Further, we analyzed the convergence properties of different denoising priors. The iterative curve of the estimated illumination images are shown in
Figure 9; it can be seen that the iterative processes of different denoising priors are all monotonically convergent. The deep denoiser prior has the fastest convergence speed, which only needs six iterations to converge and obtain the decomposed results.
(2) The effect of the background prior: The background prior (BP) is used to prevent the loss of defect information after image enhancement.

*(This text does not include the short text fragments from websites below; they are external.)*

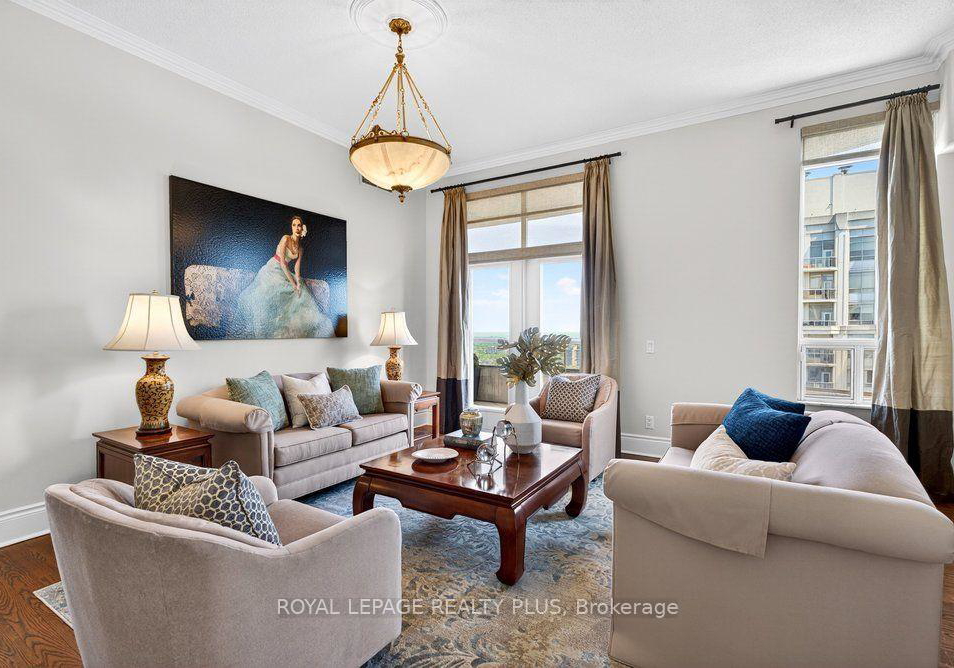 35-kingsbridge-garden-circle-mississauga-ontario-w13719388
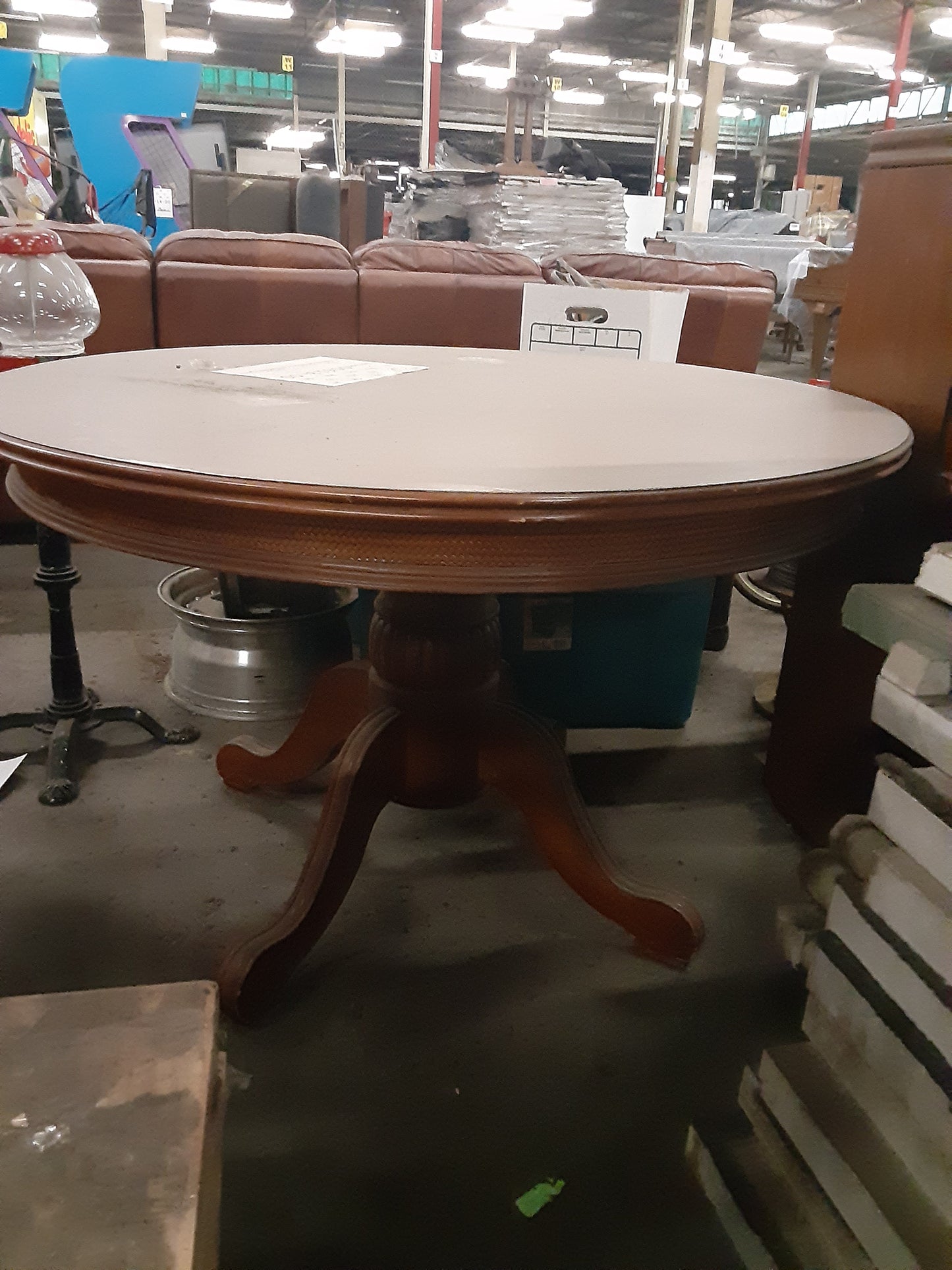 F00090 - Round Table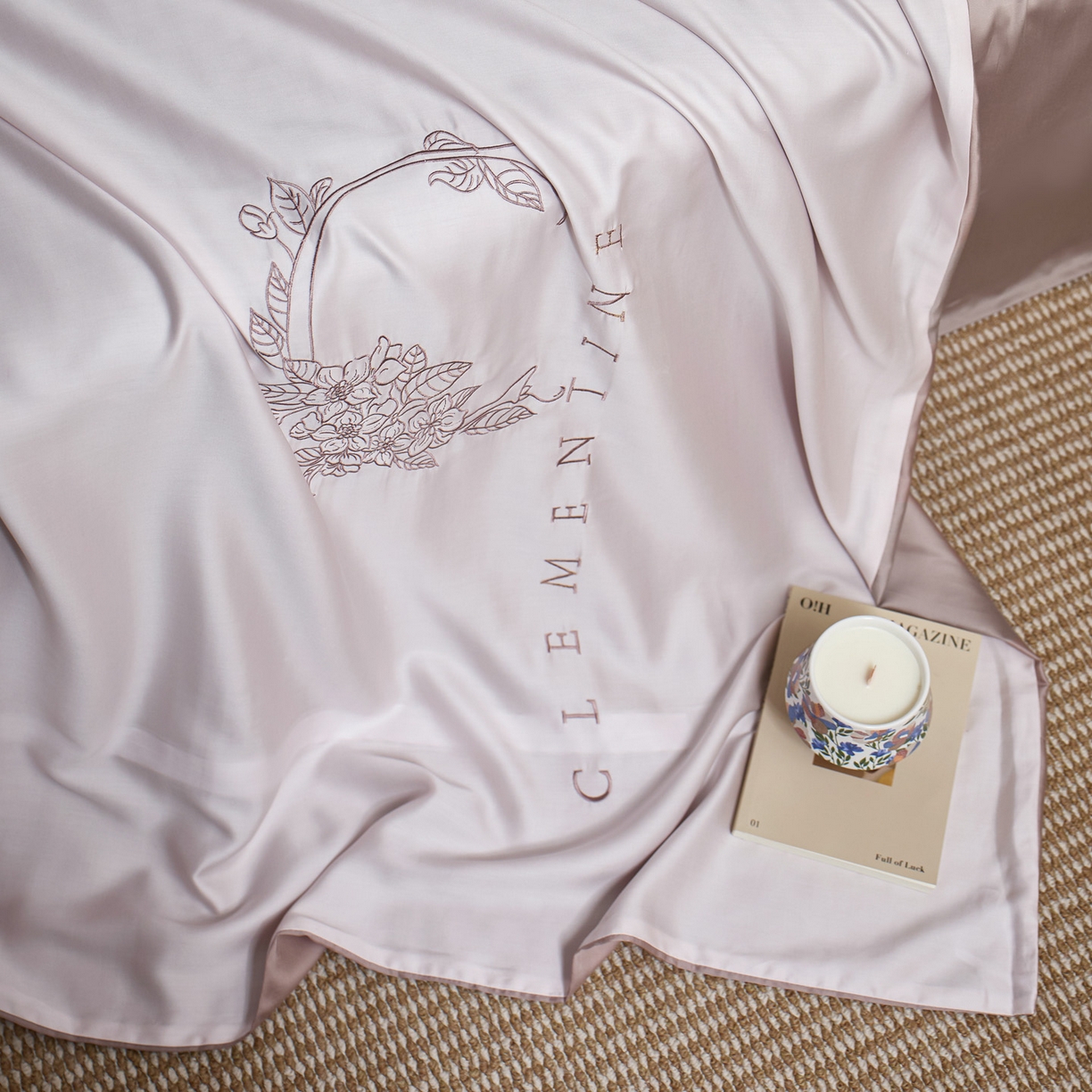 91家纺网 家纺一手货源 找家纺 爱缦 2026新款60s兰精天丝四件套-马吉拉系列-风格一 粉可可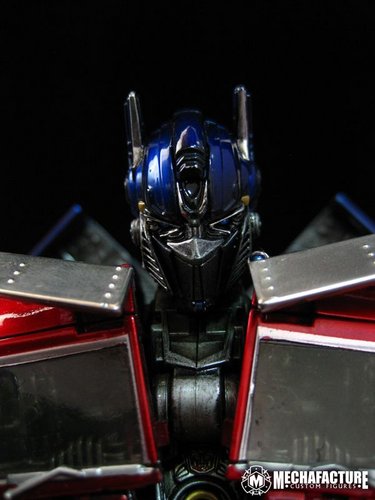 ROTF-Optimus-Prime-011.jpg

Figure 8f shows the retinex decomposition results with background priors. It can be seen that there is no residual defect information in the estimated illumination image, which effectively retains the defect information in the reflectance image. As shown in
Table 4, after adding the background prior, the IoU also increased from 0.752 to 0.767. This proves that the background prior is conducive to subsequent defect detection tasks.
5. Conclusions
In this paper, we proposed a novel uneven illumination image enhancement method JPUIE for surface defect detection. In our JPUIE, we transformed the uneven illumination enhancement problem into a problem of accurate illumination estimation and established a simplified and effective semi-coupled retinex illumination model. Then, the semantic information was introduced to establish the background prior, so as to avoid the loss of defect information after image enhancement. The deep denoised prior is designed to improve the optimization efficiency of the proposed retinex model. Finally, we presented adequate quantitative and qualitative experiments to compare our method with state-of-the-art uneven illumination enhancement approaches. To verify the generalization of our method, all the experiments were carried out on a public defect image dataset RSDD and a real defect image dataset MCSD. The experimental results showed that the defect images enhanced by our method had the highest defect detection accuracy compared with other enhancement methods, and this proved that our method is superior to other methods in improving image quality.
In the future, we will consider a variety of image distortion types, such as defocus blur, noise, etc. and establish a unified image enhancement method to improve the image quality in complex industrial scenes.